▶ _What you should do_: Could you retype every line below exactly, omitting the images?

▶ _Working data_:

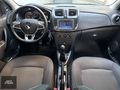 AYTCARS - 2020 RENAULT SYMBOL 0.9 TCE JOY MULTİMEDYA 126.000KM.!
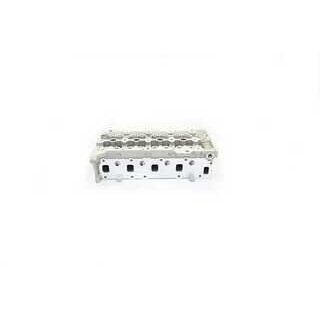 SILINDIR KAPAGI EUR 5 - DOBLO/LINEA/FIORINO/EGEA/500/CORSA D (13-) - BSG - OEM: 71749340
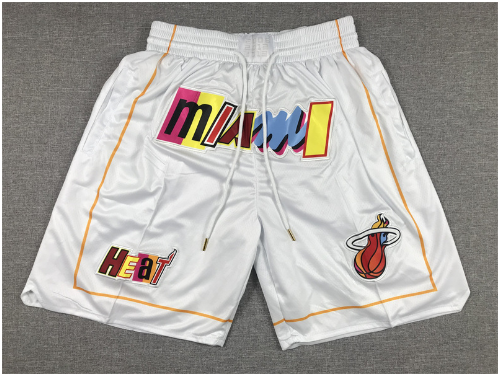 14 14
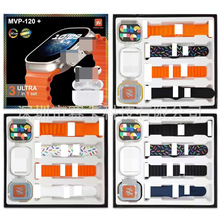 ¿MVP120/A23ֱ{CbULTRA3 WATCH10ͨԒSҿ羳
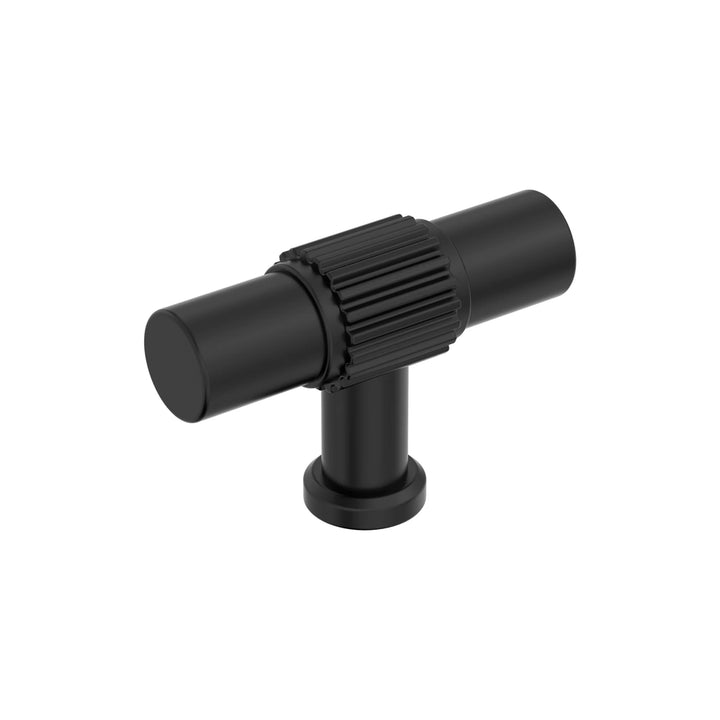 Amerock - Farewind Knobs - 2b6faf27-2de7-49ed-b792-dffb181c776d-1000x1000.webp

▶ _Written reply_:
 AYTCARS - 2020 RENAULT SYMBOL 0.9 TCE JOY MULTİMEDYA 126.000KM.!
 SILINDIR KAPAGI EUR 5 - DOBLO/LINEA/FIORINO/EGEA/500/CORSA D (13-) - BSG - OEM: 71749340
 14 14
 ¿MVP120/A23ֱ{CbULTRA3 WATCH10ͨԒSҿ羳
 Amerock - Farewind Knobs - 2b6faf27-2de7-49ed-b792-dffb181c776d-1000x1000.webp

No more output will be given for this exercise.